● Dataset extract

======

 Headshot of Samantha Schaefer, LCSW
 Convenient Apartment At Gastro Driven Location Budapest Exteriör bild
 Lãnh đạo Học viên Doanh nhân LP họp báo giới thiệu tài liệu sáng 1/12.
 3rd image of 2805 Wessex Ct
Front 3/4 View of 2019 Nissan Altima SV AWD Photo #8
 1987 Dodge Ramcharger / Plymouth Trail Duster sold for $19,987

======

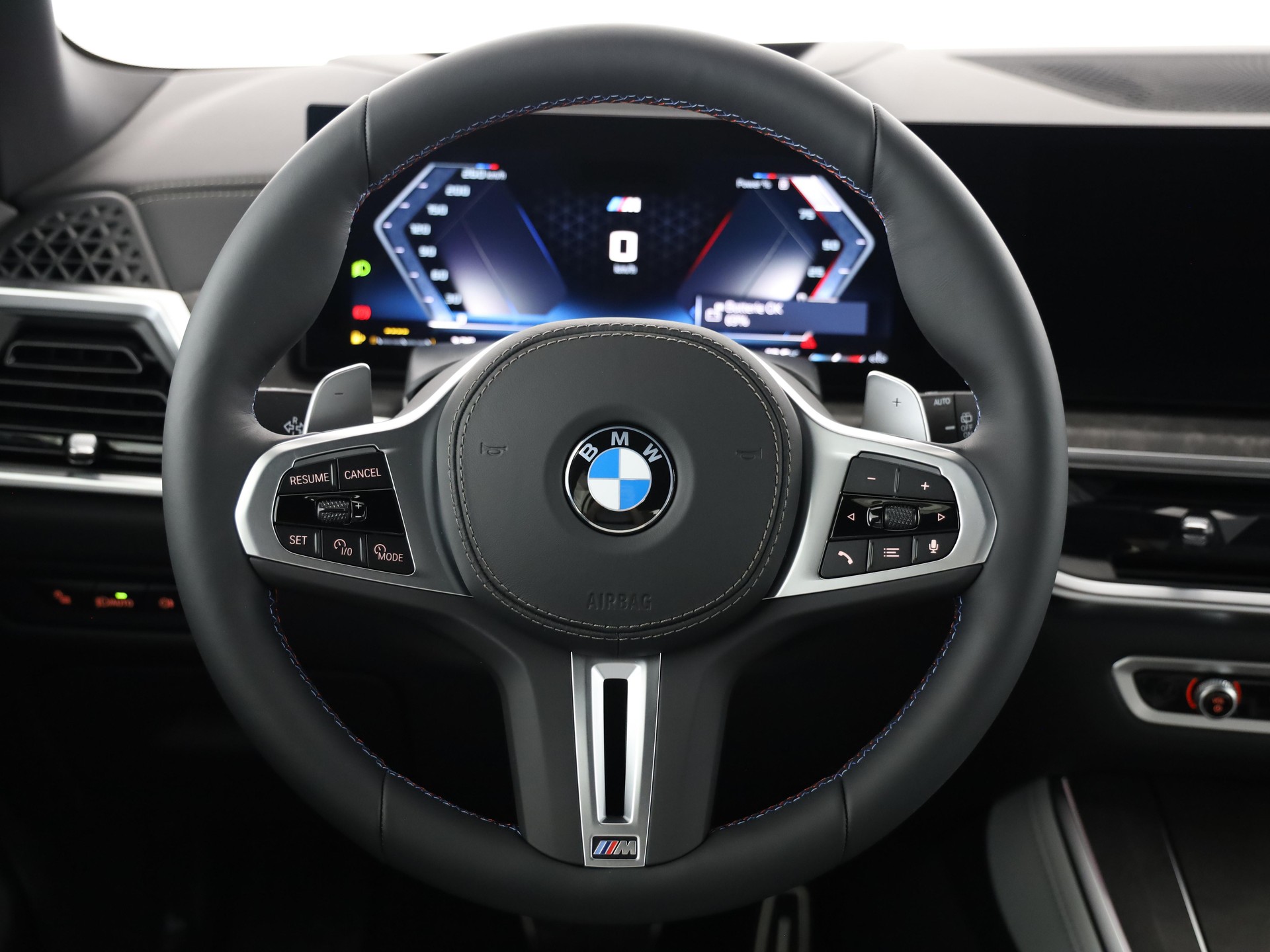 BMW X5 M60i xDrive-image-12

======

● Exercise details
Could you return exactly the lines above from the line with "Convenient Apartment At" to the line with "1987 Dodge Ramcharger", both included, and nothing else?

● Finished task
 Convenient Apartment At Gastro Driven Location Budapest Exteriör bild
 Lãnh đạo Học viên Doanh nhân LP họp báo giới thiệu tài liệu sáng 1/12.
 3rd image of 2805 Wessex Ct
Front 3/4 View of 2019 Nissan Altima SV AWD Photo #8
 1987 Dodge Ramcharger / Plymouth Trail Duster sold for $19,987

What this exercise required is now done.